FRANCESC ARRROYO
Ha fallecido esta semana el padre capuchino Joan Botam. Con él abrió las puertas del convento que la orden tenía en Sarrià a los estudiantes que querían reunirse para fundar el SDEUB (Sindicato Democrático de Estudiantes de Barcelona) y también quien negó el paso a la policía que pretendía desalojarlos y detenerlos.
La ficha policial se refiere a él una extraña expresión: “Fray Salvador de les Borges Blanques, en el mundo Joan Botam”. Se debe a que, hasta poco después del Concilio Vaticano II, los frailes capuchinos al ingresar en la orden abandonaban su nombre originario y añadían al nuevo su localidad de nacimiento, costumbre que la mayoría dejó de seguir a mediados de los años sesenta, como símbolo de su voluntad de estar, como escribió el policía sin saberlo, “en el mundo”. Para Joan Botam la palabra mundo no era un formulismo: se adhirió no sólo a las corrientes progresistas de la iglesia, sino también al movimiento ecuménico, del que formó parte activa, asumiendo que la palabra católico significa universal.
La Capuchinada tuvo repercusión en medios de comunicación de toda Europa. Contribuyó a ello tanto la presencia de intelectuales (Jordi Rubió, Salvador Espriu, Manuel Sacristán, Ricard Salvat, Carlos Barral, Ràfols Casamada, José Agustín Goytisolo, entre otros) que acompañaban a los estudiantes, como la torpeza de la policía franquista que nunca necesitó ser eficaz. Le bastaba usar fuerza y un dócil sometimiento a unos mandos que tampoco estaban nutridos de lumbreras. El gobernador, Antonio Ibáñez Freire, pretendió (y no logró) expulsar de España a Botam. El rector de la Universidad era otra luminaria, Francisco García Valdecasas. Fue quien expedientó y expulsó a Sacristán. ¡Digno camarada de tipos que se permitían gritar “muera la inteligencia”! Algunos de sus descendientes, con los mismos méritos, hicieron carrera en el PP.
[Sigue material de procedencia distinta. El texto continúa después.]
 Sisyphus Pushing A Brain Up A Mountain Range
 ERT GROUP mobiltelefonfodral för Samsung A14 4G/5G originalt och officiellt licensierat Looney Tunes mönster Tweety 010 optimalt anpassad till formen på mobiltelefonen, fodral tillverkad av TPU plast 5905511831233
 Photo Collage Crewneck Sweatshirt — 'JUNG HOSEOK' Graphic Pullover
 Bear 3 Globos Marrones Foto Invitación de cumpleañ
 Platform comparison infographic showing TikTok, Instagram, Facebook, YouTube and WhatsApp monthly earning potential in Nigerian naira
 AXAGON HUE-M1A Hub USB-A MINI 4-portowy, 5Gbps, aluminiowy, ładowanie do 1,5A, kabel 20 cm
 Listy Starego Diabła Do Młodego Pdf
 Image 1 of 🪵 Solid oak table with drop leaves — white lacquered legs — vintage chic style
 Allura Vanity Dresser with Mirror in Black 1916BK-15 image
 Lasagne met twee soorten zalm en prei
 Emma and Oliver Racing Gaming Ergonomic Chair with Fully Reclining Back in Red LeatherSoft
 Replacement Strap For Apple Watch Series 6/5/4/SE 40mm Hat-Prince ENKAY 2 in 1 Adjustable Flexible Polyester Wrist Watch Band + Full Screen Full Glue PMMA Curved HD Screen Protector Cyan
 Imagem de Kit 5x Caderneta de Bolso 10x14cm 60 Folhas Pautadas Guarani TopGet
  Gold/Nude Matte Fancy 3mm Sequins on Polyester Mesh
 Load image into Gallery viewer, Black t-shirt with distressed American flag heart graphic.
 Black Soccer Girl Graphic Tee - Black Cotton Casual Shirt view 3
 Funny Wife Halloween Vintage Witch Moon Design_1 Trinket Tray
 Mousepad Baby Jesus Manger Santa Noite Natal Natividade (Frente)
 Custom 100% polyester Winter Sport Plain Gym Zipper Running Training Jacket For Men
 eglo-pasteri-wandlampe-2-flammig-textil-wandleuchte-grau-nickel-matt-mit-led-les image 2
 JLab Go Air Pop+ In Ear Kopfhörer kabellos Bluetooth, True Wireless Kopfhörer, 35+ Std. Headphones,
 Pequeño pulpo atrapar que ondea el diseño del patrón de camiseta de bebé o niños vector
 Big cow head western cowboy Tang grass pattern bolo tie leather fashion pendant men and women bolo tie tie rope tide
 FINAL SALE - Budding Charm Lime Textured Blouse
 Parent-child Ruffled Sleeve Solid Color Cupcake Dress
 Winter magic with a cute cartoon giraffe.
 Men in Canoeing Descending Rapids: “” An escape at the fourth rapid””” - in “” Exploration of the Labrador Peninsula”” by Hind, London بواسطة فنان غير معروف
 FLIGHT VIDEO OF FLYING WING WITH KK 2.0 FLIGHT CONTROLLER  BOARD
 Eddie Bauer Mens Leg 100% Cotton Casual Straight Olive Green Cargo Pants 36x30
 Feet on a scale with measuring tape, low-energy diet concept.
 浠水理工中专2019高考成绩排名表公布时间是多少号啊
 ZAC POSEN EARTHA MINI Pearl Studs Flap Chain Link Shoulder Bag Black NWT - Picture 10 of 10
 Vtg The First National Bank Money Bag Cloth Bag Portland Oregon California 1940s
Barcelona fue esos días noticia de portada en la televisión pública (la mejor, porque era la única) y en Radio Nacional. En ambas se leyó un editorial del diario Arriba en el que se insinuaba que en el convento se incitaba a las muchachas a abortar.
Entre los encerrados había estudiantes que más tarde han tenido un papel relevante en la vida de la ciudad: Paco Fernández Buey, Alfredo Pastor, Montserrat Roig, Ferran Sales, Andreu Claret. También periodistas: Antonio Figueruelo o Agustí Pons. Fuera quedaron dos líderes estudiantiles: Enric Argullol, que llegó tarde y no pudo entrar, y Juan Ramon Capella, que estaba enfermo.
Los estudiantes no habían ido allí para encerrarse. Los encerró la policía al no dejarles salir sin entregar el carnet de identidad. Botam tuvo que asumir la organización de la escasez. Los mayores fueron alojados en celdas (nombre que se da en los conventos a las habitaciones); los más jóvenes fueron repartidos en espacios colectivos. Con la comida se hizo lo que se pudo, ya que no se permitió la entrada ni siquiera de pan.
En el exterior se organizó un movimiento de apoyo. Tàpies, Miró y otros donaron obras para que fueran vendidas y su dinero sirviera de apoyo para lo que fuera menester. El encargado de colocarlas entre la burguesía fue Pere Portabella. No vendió ni una. La burguesía barcelonesa (que luego se hizo convergente y hasta independentista) prefería la dictadura a lo que pudieran representar unos estudiantes revoltosos y frailes amigos de los pobres.
La derecha más civilizada logró convencer al gobernador civil de que el arresto de Espriu o Rubió supondría una publicidad muy negativa para el régimen. Ibáñez accedió entonces a autorizar su salida. Actuó de mensajero Martí de Riquer, perteneciente a esa derecha con cabeza y sentimientos. Ninguno de los dos quiso abandonar el convento, salvo que se lo pidiera Joan Botam. No se lo pidió. Martí de Riquer se fue apesadumbrando, pero antes tuvo un gesto solidario: entregó a Rubió su pipa y el tabaco que llevaba. El tabaco era entonces de consumo casi universal, pero nadie llevaba más que el de consumo diario. Estudiantes del Liceo Francés, contiguo al convento, lanzaron cartones a través de la tapia.
Los Capuchinos habían abrazado con entusiasmo el mensaje de renovación de Juan XXIII, que Pablo VI intentó congelar y sus sucesores directamente cargarse.
En la historia futura de Barcelona figurará el nombre de Joan Botam, que vivió en el mundo y con el mundo. Apenas se recordará, en cambio, el de quien ejercía de obispo que, naturalmente, prefirió alinearse con los grises que con los pobres a los que tanto citan los evangelios.